El Día del Trabajo debería ser un recordatorio de luchas colectivas, pero en mi caso, terminó siendo un espejo incómodo. Cuando pregunté a mis amistades —las de carne y hueso y las de Instagram— si vivían para trabajar o trabajaban para vivir, todas las respuestas, menos una, rozaron el mismo lamento: "Sobrevivo, no elijo". La excepción fue Javier Puente, mi amigo que trabaja en el sector salud, quien respondió sin dudar: "Vivo para trabajar". Supongo que en su caso pesa la vocación —o el genuino interés de ayudar vidas en urgencias—, aunque también sospecho que su respuesta es un reflejo de ese sistema de salud roto que exige devoción absoluta a cambio de burnout.

(Javier, por cierto, tiene un episodio grabado para mi podcast, por el momento en hiatus, donde habla de esto).

Te quiero entonces, platicar sobre la historia de la caminadora —esa máquina que hoy usamos para "salvarnos" del sedentarismo— porque aquí hay algo que me va ayudar a explicar mejor mi punto. En 1818, fue diseñada como herramienta de tortura para prisioneros: una rueda gigante donde los condenados daban pasos infinitos para moler grano. Su castigo no era el dolor físico, sino la repetición sin sentido. Dos siglos después, la usamos voluntariamente, con audífonos y apps de productividad, pero seguimos atrapados en la misma paradoja: corremos hacia ninguna parte, convencidos de que es progreso.

En mi libro "Nunca des el 100, me dijo mi hermana" escribo sin muchos rodeos: la entrega total a un trabajo rara vez te recompensa, pero sí te desdibuja. No es cinismo, es realismo. Por eso repito como mantra: "Si me exigen el 150%, doy un 75% impecable. El resto es para recordar quién soy cuando apago la laptop". No hablo de mediocridad, sino de negarse a convertir la vida en un recurso renovable para otros.

Hay quienes insisten en llamar "sueño" a sus escapes laborales —ese pan que hornean de noche, las ilustraciones que venden en Etsy—. Yo me resisto a ese lenguaje. Un hobby no es un emprendimiento, y un respiro no es un plan de vida: "Mi repostería nocturna no es una startup, es el suspiro que me impide ahogarme en reuniones".

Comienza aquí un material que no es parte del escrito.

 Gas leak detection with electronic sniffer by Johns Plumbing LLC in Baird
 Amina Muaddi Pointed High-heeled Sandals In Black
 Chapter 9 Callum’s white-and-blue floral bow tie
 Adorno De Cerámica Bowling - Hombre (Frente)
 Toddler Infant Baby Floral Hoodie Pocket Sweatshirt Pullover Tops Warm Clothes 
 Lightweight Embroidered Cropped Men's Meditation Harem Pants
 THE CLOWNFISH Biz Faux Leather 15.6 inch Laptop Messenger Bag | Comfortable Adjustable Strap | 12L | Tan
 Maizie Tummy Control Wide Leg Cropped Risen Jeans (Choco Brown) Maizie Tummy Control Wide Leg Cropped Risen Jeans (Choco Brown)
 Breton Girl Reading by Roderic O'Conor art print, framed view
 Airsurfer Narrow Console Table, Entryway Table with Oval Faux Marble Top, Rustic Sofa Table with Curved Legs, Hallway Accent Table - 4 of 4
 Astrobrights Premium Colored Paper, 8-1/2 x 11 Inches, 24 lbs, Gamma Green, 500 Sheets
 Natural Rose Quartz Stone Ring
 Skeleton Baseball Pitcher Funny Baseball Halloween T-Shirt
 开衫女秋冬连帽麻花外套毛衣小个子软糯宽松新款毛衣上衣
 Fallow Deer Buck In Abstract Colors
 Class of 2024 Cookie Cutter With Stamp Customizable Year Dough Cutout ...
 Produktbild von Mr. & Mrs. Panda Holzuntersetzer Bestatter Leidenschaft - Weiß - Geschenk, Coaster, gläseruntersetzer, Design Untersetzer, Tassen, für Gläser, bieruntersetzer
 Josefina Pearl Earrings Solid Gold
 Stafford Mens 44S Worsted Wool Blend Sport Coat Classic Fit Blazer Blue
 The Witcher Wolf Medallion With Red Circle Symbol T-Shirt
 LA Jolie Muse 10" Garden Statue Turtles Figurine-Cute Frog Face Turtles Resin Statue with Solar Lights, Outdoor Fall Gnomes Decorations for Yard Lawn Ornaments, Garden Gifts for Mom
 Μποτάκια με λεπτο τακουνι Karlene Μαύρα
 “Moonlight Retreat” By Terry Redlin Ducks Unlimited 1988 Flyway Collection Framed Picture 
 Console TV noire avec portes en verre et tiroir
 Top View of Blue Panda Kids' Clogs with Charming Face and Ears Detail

La caminadora penitenciaria del siglo XIX al menos servía para moler trigo. La nuestra, en cambio, nos hace perseguir metas abstractas: créditos, títulos, likes. ¿La diferencia? Podemos bajarnos cuando queramos. No para renunciar, sino para recordar que el trabajo es una transacción, no una religión. Los prisioneros de Cubitt (su inventor) tarareaban canciones para no enloquecer; nosotros tenemos el derecho de guardar silencios, pausas y pequeños sabotajes elegantes.

Al final, el Día del Trabajo no debería celebrar el empleo, sino recordarnos que no somos máquinas. Como escribió un expreso anónimo en 1823:

"Lo importante no eran los pasos en la rueda, sino la canción que inventábamos para creer que seguíamos vivos".